Segment Start: Collected data
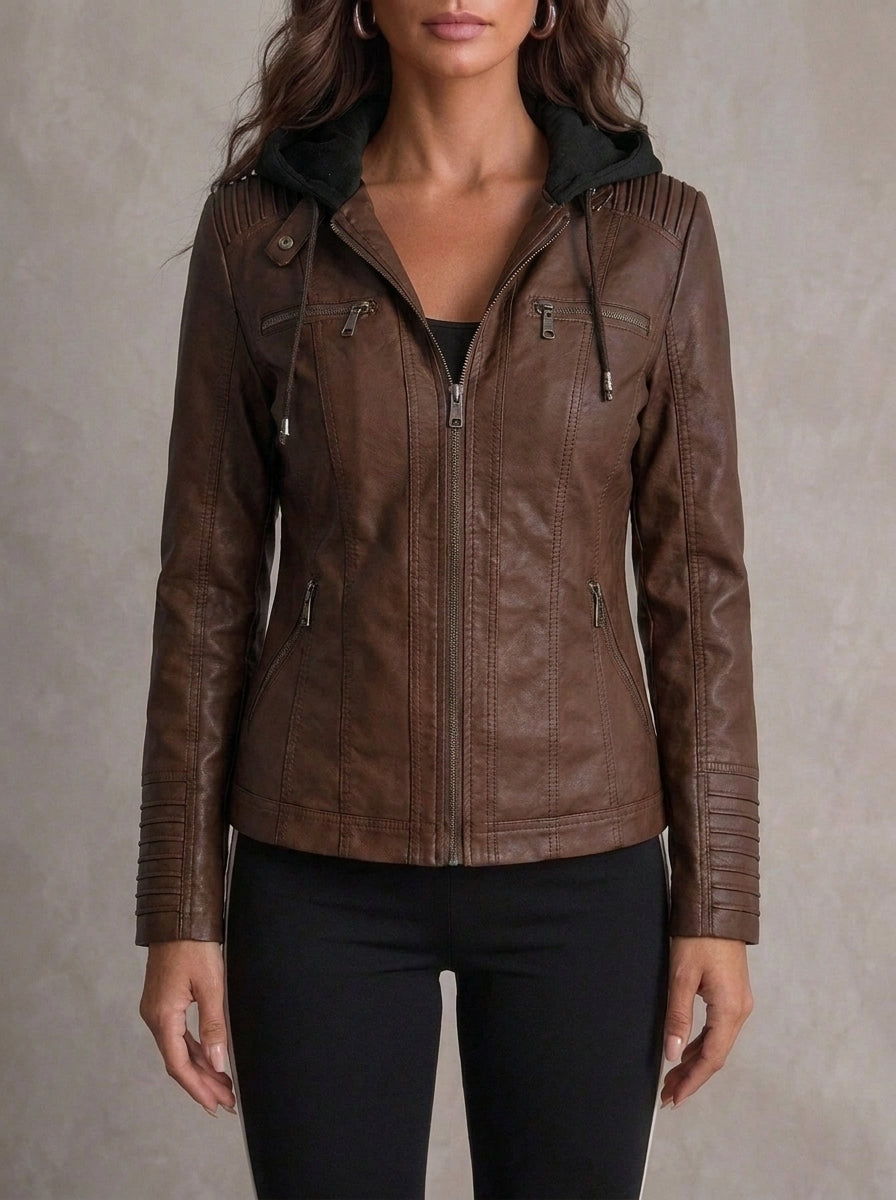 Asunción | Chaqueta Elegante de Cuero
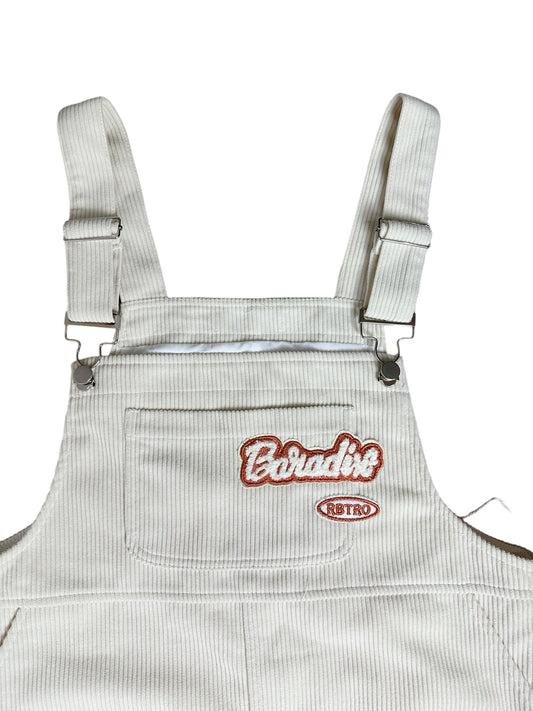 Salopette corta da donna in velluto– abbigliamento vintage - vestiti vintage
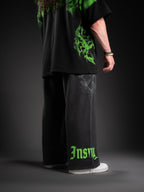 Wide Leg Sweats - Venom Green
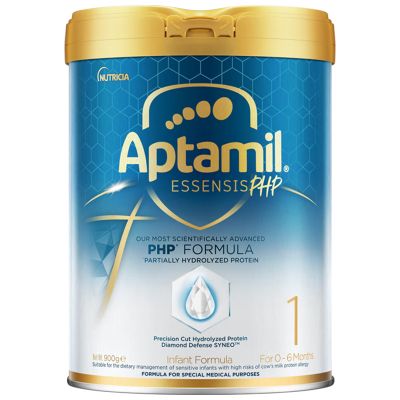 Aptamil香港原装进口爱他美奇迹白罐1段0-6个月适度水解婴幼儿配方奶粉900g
Segment End: Collected data
**Task brief**: Retype the full listing above precisely. Exclude each picture you find in it.

**Result below**:
 Asunción | Chaqueta Elegante de Cuero
 Salopette corta da donna in velluto– abbigliamento vintage - vestiti vintage
 Wide Leg Sweats - Venom Green
 Aptamil香港原装进口爱他美奇迹白罐1段0-6个月适度水解婴幼儿配方奶粉900g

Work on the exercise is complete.